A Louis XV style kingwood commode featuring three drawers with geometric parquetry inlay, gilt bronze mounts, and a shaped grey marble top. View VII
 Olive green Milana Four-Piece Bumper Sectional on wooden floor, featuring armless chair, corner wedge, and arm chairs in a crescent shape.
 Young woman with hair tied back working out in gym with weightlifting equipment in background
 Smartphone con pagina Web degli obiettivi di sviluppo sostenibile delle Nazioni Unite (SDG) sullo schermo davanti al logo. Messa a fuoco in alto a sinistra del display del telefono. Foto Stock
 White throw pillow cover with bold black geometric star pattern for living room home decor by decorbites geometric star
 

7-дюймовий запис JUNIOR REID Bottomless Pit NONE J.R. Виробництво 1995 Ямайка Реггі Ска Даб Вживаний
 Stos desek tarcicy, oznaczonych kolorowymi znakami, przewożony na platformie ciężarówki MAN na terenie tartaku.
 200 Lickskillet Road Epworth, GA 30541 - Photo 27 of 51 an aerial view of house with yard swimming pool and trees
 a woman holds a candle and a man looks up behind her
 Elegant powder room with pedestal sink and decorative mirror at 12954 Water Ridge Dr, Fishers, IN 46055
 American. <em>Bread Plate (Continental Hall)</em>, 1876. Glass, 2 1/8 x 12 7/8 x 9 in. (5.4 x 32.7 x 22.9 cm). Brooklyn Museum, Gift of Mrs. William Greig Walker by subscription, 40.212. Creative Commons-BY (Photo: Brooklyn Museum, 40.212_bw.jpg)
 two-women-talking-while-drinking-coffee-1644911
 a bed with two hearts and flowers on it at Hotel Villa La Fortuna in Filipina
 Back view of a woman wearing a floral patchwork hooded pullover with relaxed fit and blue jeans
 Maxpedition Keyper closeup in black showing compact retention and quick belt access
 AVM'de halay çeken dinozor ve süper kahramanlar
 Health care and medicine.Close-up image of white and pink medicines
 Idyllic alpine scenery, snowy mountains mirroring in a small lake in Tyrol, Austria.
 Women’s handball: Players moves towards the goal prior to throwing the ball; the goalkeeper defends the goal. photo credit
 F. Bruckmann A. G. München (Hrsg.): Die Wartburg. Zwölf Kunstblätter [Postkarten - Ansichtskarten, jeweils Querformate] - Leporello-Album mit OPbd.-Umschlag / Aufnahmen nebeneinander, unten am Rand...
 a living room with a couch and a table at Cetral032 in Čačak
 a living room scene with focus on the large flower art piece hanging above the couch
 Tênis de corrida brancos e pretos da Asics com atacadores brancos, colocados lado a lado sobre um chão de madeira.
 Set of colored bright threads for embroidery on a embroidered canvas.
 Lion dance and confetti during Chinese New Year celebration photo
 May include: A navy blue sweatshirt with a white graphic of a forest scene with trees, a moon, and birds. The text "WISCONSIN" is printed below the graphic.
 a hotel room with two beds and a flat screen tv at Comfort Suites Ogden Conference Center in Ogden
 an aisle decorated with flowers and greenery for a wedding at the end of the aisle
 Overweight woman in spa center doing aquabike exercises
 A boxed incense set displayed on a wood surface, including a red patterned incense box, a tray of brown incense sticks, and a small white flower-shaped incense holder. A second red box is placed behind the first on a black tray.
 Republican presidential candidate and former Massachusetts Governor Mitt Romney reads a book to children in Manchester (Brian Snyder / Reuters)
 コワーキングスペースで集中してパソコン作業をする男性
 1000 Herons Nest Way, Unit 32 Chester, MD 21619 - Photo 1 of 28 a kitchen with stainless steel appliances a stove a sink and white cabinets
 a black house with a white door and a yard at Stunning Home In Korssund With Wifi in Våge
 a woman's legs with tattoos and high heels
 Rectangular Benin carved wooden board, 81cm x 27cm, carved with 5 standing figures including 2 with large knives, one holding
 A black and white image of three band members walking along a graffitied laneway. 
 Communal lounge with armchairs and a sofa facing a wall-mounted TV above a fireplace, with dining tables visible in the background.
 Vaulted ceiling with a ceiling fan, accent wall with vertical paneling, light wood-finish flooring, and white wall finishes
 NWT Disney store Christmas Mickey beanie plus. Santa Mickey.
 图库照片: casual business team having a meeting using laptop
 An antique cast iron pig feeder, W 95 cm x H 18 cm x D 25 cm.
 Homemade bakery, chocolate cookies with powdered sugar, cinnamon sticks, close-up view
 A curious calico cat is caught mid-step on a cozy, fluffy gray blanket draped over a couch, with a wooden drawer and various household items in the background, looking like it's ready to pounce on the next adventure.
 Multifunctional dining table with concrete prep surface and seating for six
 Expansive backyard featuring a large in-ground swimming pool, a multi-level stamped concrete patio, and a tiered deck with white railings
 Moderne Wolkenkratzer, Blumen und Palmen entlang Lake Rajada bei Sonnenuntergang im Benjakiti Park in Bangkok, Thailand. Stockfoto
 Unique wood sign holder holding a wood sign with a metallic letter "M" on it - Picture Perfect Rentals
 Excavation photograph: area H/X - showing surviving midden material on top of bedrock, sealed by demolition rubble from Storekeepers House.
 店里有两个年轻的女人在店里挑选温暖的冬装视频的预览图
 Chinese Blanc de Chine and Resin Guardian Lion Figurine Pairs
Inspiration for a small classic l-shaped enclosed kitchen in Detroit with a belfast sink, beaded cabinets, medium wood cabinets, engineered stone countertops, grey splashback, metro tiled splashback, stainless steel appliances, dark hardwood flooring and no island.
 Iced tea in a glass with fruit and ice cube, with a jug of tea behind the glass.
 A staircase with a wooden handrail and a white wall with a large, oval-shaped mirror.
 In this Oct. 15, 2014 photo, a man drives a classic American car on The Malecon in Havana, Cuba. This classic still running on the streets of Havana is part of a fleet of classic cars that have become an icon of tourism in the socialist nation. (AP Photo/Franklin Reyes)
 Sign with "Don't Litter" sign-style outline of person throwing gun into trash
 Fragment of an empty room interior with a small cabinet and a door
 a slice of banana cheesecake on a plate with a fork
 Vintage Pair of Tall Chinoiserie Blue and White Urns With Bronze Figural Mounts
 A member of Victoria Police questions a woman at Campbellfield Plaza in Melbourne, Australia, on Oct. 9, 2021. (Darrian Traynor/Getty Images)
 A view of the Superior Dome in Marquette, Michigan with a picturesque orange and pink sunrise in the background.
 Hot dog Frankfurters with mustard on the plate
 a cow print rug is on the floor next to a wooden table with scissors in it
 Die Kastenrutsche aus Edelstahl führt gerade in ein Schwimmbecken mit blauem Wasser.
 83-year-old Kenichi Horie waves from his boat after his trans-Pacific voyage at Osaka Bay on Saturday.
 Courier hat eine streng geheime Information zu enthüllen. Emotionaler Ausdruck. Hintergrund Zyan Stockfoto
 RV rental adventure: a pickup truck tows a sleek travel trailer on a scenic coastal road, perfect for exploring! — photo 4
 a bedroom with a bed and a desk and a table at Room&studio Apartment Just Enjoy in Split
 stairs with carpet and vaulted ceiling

□ □ □ □ □

Directions for this task:
Quote the data above from the line containing "Stos desek tarcicy, oznaczonych" to the line containing "Idyllic alpine scenery, snowy", inclusive, and stop.

Response area:
 Stos desek tarcicy, oznaczonych kolorowymi znakami, przewożony na platformie ciężarówki MAN na terenie tartaku.
 200 Lickskillet Road Epworth, GA 30541 - Photo 27 of 51 an aerial view of house with yard swimming pool and trees
 a woman holds a candle and a man looks up behind her
 Elegant powder room with pedestal sink and decorative mirror at 12954 Water Ridge Dr, Fishers, IN 46055
 American. <em>Bread Plate (Continental Hall)</em>, 1876. Glass, 2 1/8 x 12 7/8 x 9 in. (5.4 x 32.7 x 22.9 cm). Brooklyn Museum, Gift of Mrs. William Greig Walker by subscription, 40.212. Creative Commons-BY (Photo: Brooklyn Museum, 40.212_bw.jpg)
 two-women-talking-while-drinking-coffee-1644911
 a bed with two hearts and flowers on it at Hotel Villa La Fortuna in Filipina
 Back view of a woman wearing a floral patchwork hooded pullover with relaxed fit and blue jeans
 Maxpedition Keyper closeup in black showing compact retention and quick belt access
 AVM'de halay çeken dinozor ve süper kahramanlar
 Health care and medicine.Close-up image of white and pink medicines
 Idyllic alpine scenery, snowy mountains mirroring in a small lake in Tyrol, Austria.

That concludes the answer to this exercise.